I will be looking at private sellers, I just figured CarMax was a good place to find what the appropriate comparison would be between the two. I don't doubt they're cheap in California, but here in Houston there aren't all that many around. I found a 2015 Volt for $12000 private sale and Corollas are all over the place, but I'll be doing a test drive at CarMax hopefully this Saturday between the Corolla and Volt just to compare.
edit: Just realized you were talking about Corollas not Volts. My bad!
Plug them both into the edmunds.com TCO calculator to compare expenses. I bet the Corolla wins.
Those prices are both about $2k too high. You should be shopping private owners instead of dealers (but the dealers are handy for test drives).
The Corolla wins, but not by much. $25,833 vs $26,205 over 5 years. Granted that's assuming 15k miles per year and a big price difference. Not sure how their data takes the Volt into account, since how you drive it can have a big impact on fuel costs. Some people use them with all electricity all the time, others were fleet vehicles that never got charged and were basically a hybrid. Basically the $400 difference seems within the margin of error of the calculation.
How many miles will you be putting on your car each year? How much will each of those miles be costing you?
What are the expected maintenance needs for each car? The Volt *will* need new batteries; do you know how much that will cost?

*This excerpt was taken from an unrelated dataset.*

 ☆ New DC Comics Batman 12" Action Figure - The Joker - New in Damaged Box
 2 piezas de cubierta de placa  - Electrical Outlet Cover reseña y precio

Why are you letting a girlfriend's tastes dictate what car you get? [A spouse should get a voice, a fiancee maybe, but a girlfriend?]
Can you lower your car use (bike to work or errands sometimes?) What about buying something a few years older and investing the money?
Just a few friendly face punches.
Don't know on batteries since people haven't really had to replace them, so it's not a common repair you can find the cost on. From my research there are multiple components in the battery, so depending what goes wrong there are specific things to be replaced.
The girlfriend comment was a bit tongue in cheek. If I really wanted a Prius, I'd get a Prius. She'd hate it (but it wouldn't be a huge deal), and I'd probably get ridiculed at work pretty often, so that's not the hill I want to die on when other options are just as good. We've been dating 3 years and living together 2, so it's not someone I just met two weeks ago telling me how to live. I do appreciate the concern though.
Something older is also possible, 3-4 years old just seems like the sweet spot for used cars. Old enough that depreciation is slowing down, young enough that owners haven't messed them up with poor maintenance yet. I'll probably try out an older Corolla at CarMax to compare.
I'm a wuss and live in Houston, so I'm not biking these days. I did it in Austin, but Houston is a whole other beast. Yes I know about the article on the lawyer who lives downtown and bikes 40 miles or something like that, but it's not worth it to me to save <15 miles of car travel. I actually live less than 4 miles from work, but go home for lunch to hang out with the girlfriend and dog.